Why Pingxingguan Was Chosen

In September 1937, the Japanese military was advancing steadily through North China. Itagaki Seishiro, commander of the Japanese Kwantung Army headquarters, personally led the elite 5th Division from Hebei into Shanxi, with the goal of capturing Taiyuan in one fell swoop and controlling all of North China.

The situation on the Chinese battlefield at that time:

  • Main front: The Nationalist Party's Second War Zone, under the command of Yan Xishan, concentrated hundreds of thousands of Central Army and Jinsuiyuan Army troops in northern Shanxi to block the Japanese advance.
  • Japanese situation: The 5th Division had consecutively captured Beijing, Tianjin, Nankou, Huailai, Zhangjiakou, and other strategic locations, with morale high and arrogance soaring.
  • The Eighth Route Army had just begun operations: The Red Army had been reorganized into the Eighth Route Army for only about a month, and the 115th Division under Lin Biao's command arrived at the Shanxi front in mid-September, urgently needing a major victory to prove itself.

After arriving in Shanxi, Lin Biao immediately studied the Shanxi terrain with his chief of staff Zhou Kun and political commissar Nie Rongzhen.

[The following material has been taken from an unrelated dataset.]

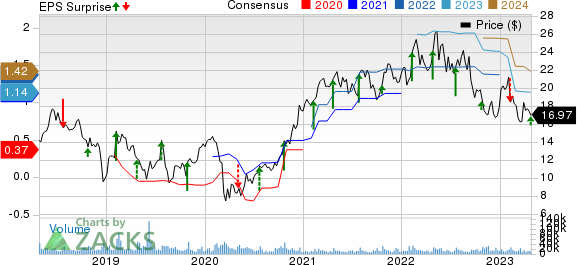 Mattel, Inc. Price, Consensus and EPS Surprise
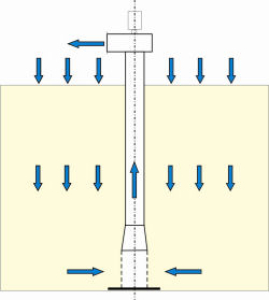 Air-Pillar Belüftungssäule 200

They discovered that the section of road from Lingqiu to Pingxingguan had towering ridgelines on both sides and a narrow gorge in the middle—ideal terrain for an ambush.

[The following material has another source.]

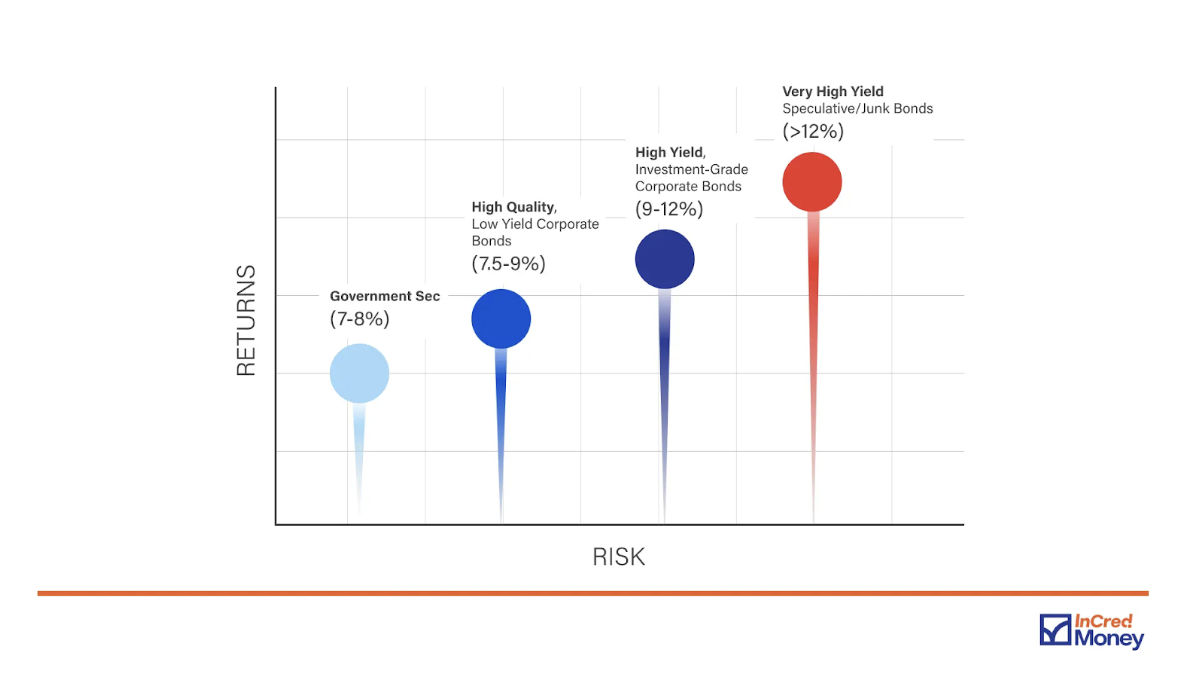 Bonds vs Fixed Deposits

This very section of road happened to be the necessary route for the main force of the Japanese 5th Division to enter Shanxi from Hebei. Lin Biao issued orders to the 115th Division headquarters: "We must deliver a heavy blow to the Japanese here and show them that the Eighth Route Army means business."

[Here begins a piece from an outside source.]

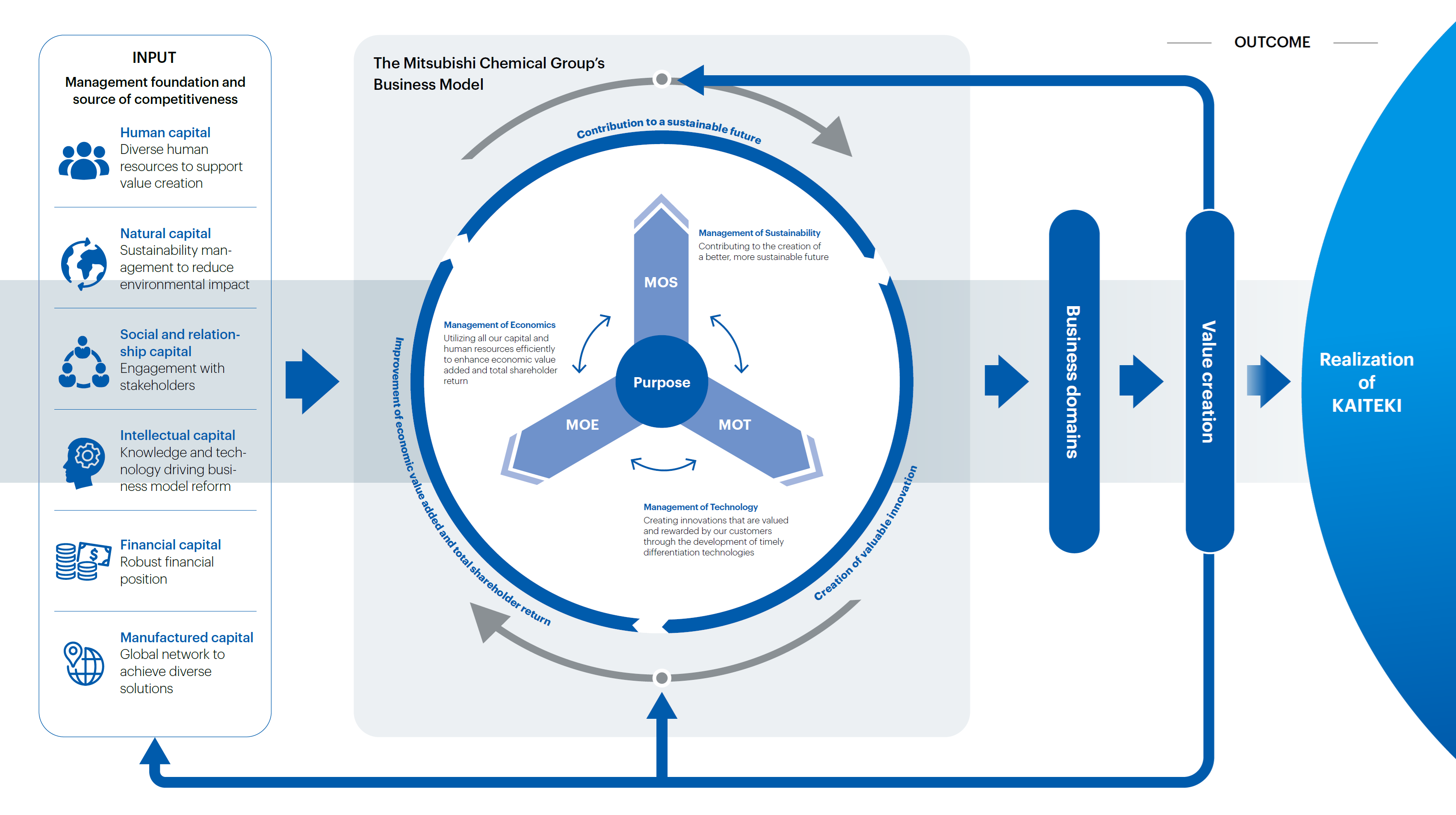 Value Creation Model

Meticulous Pre-Battle Preparations: Three Days and Nights of Secret Maneuvering

On the evening of September 23, the main force of the 115th Division, under the command of Lin Biao and Nie Rongzhen, began secret maneuvering toward the Pingxingguan area. To avoid detection by Japanese reconnaissance aircraft, the troops concealed themselves in forests and ravines during the day and conducted forced night marches on mountain roads.

Lin Biao personally led his staff officers to scout the terrain at the front lines. He selected a critical location: Qiaotan Gorge. This was a section of gorge approximately 4 kilometers long, with steep ridgelines on both sides, a narrow road at the bottom, and several meters deep trenches and cliffs alongside the road. Once the Japanese convoy entered this gorge section, with both ends blocked, they would become trapped like fish in a barrel.

Lin Biao deployed his forces with precision:

Main assault force: The 343rd Brigade (Commander Chen Guang) and 344th Brigade (Commander Xu Haidong) spread their main forces on both sides of the Qiaotan ridgelines, forming a massive encirclement.
Rear pursuit force: A regiment was deployed near Guanggou Village at the eastern end of the road to cut off the Japanese retreat route.
reinforcement blocking force: A regiment was stationed at the Pingxingguan pass at the western end of the road to prevent Japanese reinforcements.
Mobile force: An enhanced company was held in reserve in the lateral rear as a contingency force.

On the evening of September 24, the entire division quietly moved into ambush positions. In the early morning hours, heavy rain fell, making the mountain roads muddy and treacherous. Lin Biao said to his subordinates: "Heaven is helping us! Enemy aircraft cannot fly in this rain, armored vehicles cannot move. This is our best weather."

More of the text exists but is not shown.